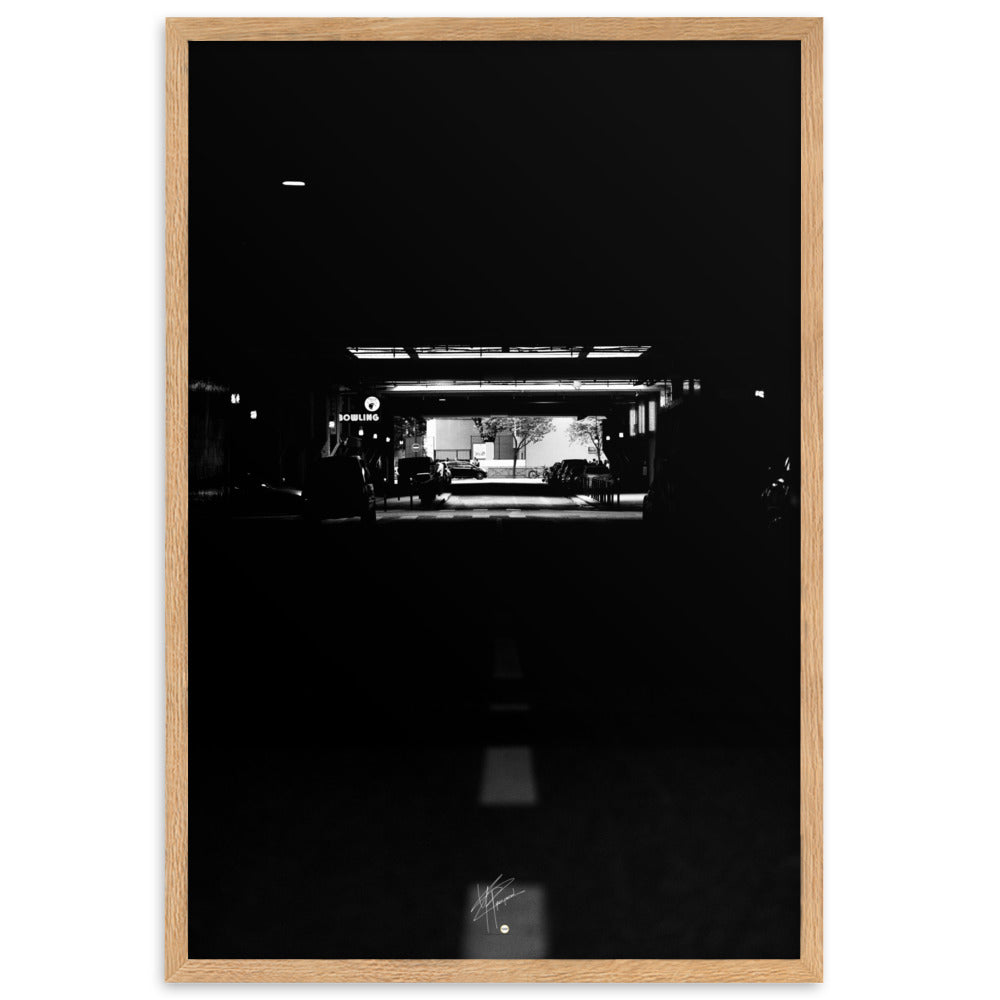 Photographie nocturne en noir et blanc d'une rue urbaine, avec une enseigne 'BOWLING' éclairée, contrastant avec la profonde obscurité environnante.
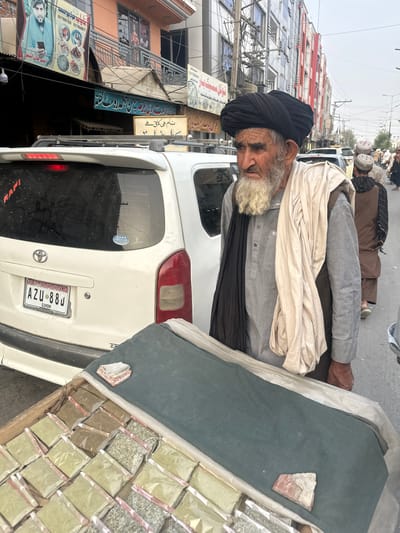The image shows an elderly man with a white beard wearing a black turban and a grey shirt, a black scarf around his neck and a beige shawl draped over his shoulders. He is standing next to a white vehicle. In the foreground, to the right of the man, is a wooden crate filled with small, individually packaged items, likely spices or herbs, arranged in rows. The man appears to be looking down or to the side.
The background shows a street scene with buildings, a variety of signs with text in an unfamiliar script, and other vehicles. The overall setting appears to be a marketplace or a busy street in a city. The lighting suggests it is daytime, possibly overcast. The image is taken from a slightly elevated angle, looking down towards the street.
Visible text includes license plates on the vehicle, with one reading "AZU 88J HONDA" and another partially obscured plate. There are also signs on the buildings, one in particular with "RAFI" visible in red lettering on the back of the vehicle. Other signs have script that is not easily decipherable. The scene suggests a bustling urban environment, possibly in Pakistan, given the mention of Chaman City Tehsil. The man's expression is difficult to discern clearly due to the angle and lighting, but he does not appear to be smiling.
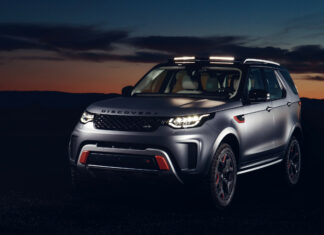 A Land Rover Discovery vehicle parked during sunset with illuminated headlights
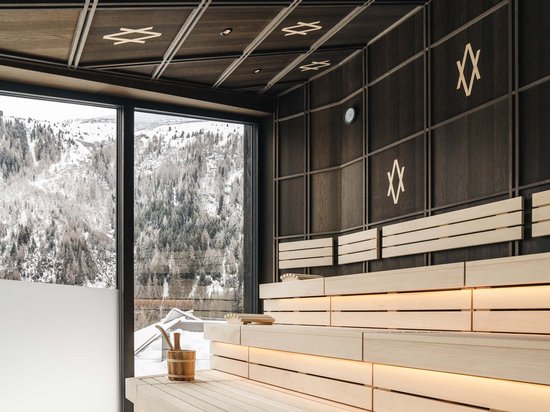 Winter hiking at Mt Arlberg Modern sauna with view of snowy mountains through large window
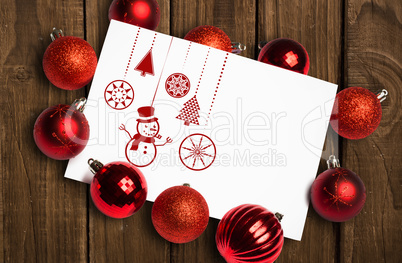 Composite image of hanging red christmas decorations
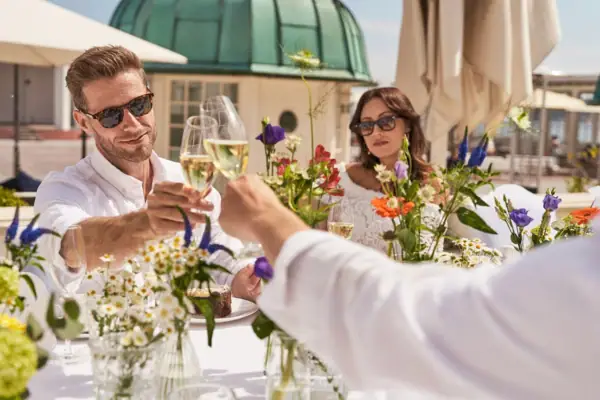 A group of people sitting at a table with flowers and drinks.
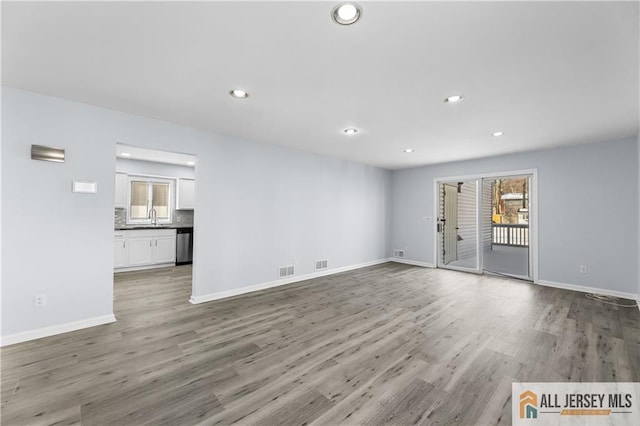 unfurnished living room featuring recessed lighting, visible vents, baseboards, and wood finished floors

___

• **Directions**
Once the pictures are set aside, write out the entries verbatim.

• **Result for this exercise**
 Photographie nocturne en noir et blanc d'une rue urbaine, avec une enseigne 'BOWLING' éclairée, contrastant avec la profonde obscurité environnante.
The image shows an elderly man with a white beard wearing a black turban and a grey shirt, a black scarf around his neck and a beige shawl draped over his shoulders. He is standing next to a white vehicle. In the foreground, to the right of the man, is a wooden crate filled with small, individually packaged items, likely spices or herbs, arranged in rows. The man appears to be looking down or to the side.
The background shows a street scene with buildings, a variety of signs with text in an unfamiliar script, and other vehicles. The overall setting appears to be a marketplace or a busy street in a city. The lighting suggests it is daytime, possibly overcast. The image is taken from a slightly elevated angle, looking down towards the street.
Visible text includes license plates on the vehicle, with one reading "AZU 88J HONDA" and another partially obscured plate. There are also signs on the buildings, one in particular with "RAFI" visible in red lettering on the back of the vehicle. Other signs have script that is not easily decipherable. The scene suggests a bustling urban environment, possibly in Pakistan, given the mention of Chaman City Tehsil. The man's expression is difficult to discern clearly due to the angle and lighting, but he does not appear to be smiling.
 A Land Rover Discovery vehicle parked during sunset with illuminated headlights
 Winter hiking at Mt Arlberg Modern sauna with view of snowy mountains through large window
 Composite image of hanging red christmas decorations
 A group of people sitting at a table with flowers and drinks.
 unfurnished living room featuring recessed lighting, visible vents, baseboards, and wood finished floors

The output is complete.